For More Than 60 Years, Dora De Larios Told Stories Through Clay

The L.A.-born sculptor passed away on January 28, just weeks before her Main Museum retrospective

Dora De Larios was a storyteller, and her medium was clay. The L.A.-born sculptor and ceramist, who passed away on January 28, crafted intricate vessels and architectural pieces to salute her own Mexican heritage and even pre-Columbian traditions while at the same time evoking multicultural imagery and mythology from Asia, Africa, and beyond.
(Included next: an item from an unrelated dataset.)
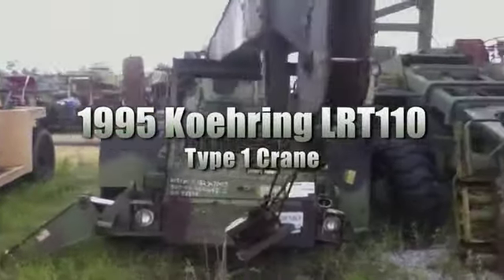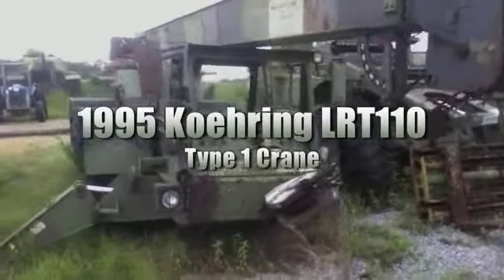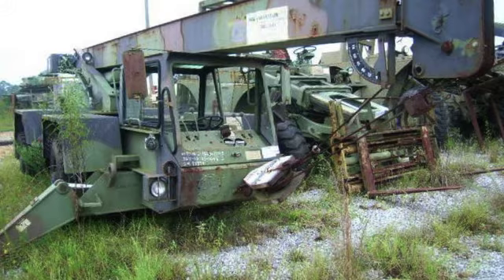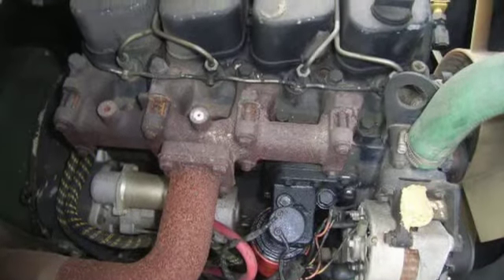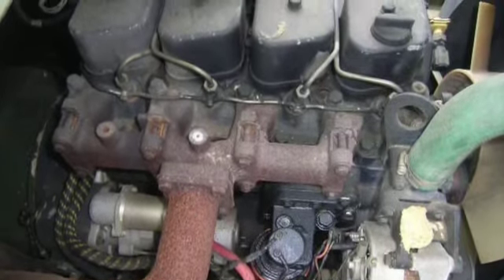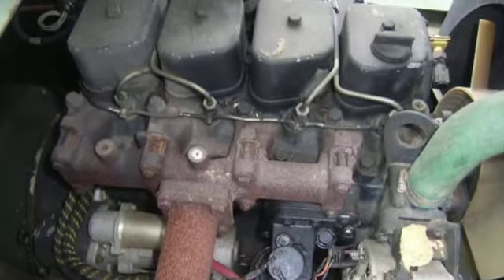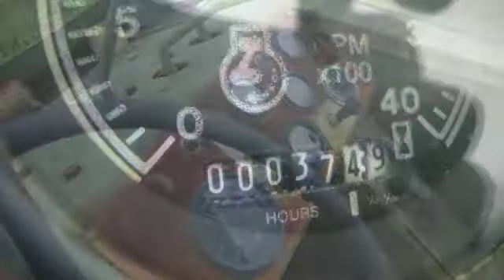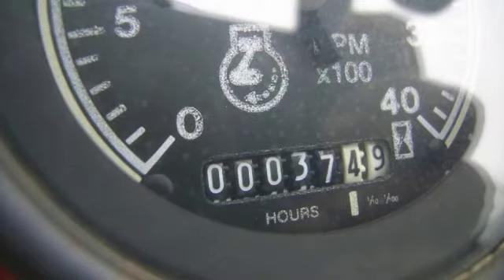This is a 1995 Koring LRT1110 type 1 crane. This wheel-mounted unit has a 7.5-ton capacity and is powered by a Cummins 4B-3.9 four-cylinder diesel engine with an automatic transmission. It generates 80 horsepower at 2800 RPMs with 37.8 hours of operation.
On February 25, Dora De Larios: Other Worlds opens at DTLA’s new Main Museum, offering only the second comprehensive look at the artist’s six-decade career.

Something was unleashed in De Larios when, on a childhood trip, she saw an Aztec calendar at Mexico City’s anthropology museum. “It carried me throughout my whole life,” she said in a recent interview while under care for ongoing health issues. The influence is evident in the surly pagan gods and warriors she creates. But growing up near downtown L.A. in the ’30s and ’40s exposed her to the customs of her many nisei Japanese friends, too. The range of cultures in L.A., she said, “provided different ways of looking at things, other than the way I’m used to.” Add to that a fascination with religion and travels all over the world, and it’s clear why much of her work overflows with goddess-like figures and tribal patterns.

Photo by Star Montana

Other Worlds—which inaugurates the Main’s new 2,750-square-foot gallery—showcases dozens of De Larios’s sculptures and ceramics, plus sketches and notes from her globe-trotting in the early ’60s. There’s also hand-thrown dinnerware, part of a line she started with her daughter and son-in-law in 2012. (During Jimmy Carter’s presidency, De Larios was one of 14 American potters chosen to design plates for the White House—four of those plates are on view as well.) Museum director Allison Agsten, a longtime fan, sees the show as a way to shine a light on a native daughter who, despite a 2009 Craft and Folk Art Museum retrospective, remains undersung. In light of De Larios’s condition, the show “started to seem urgent and necessary,” Agsten says.

What will the state of Latino art in L.A. museums be once the Getty’s Pacific Standard Time: LA/LA exhibitions wrap? If it looks anything like this, we’re on the right track.

 Dora De Larios: Other Worlds, the Main Museum, 114 W. 4th St., downtown; Feb. 25-May 13.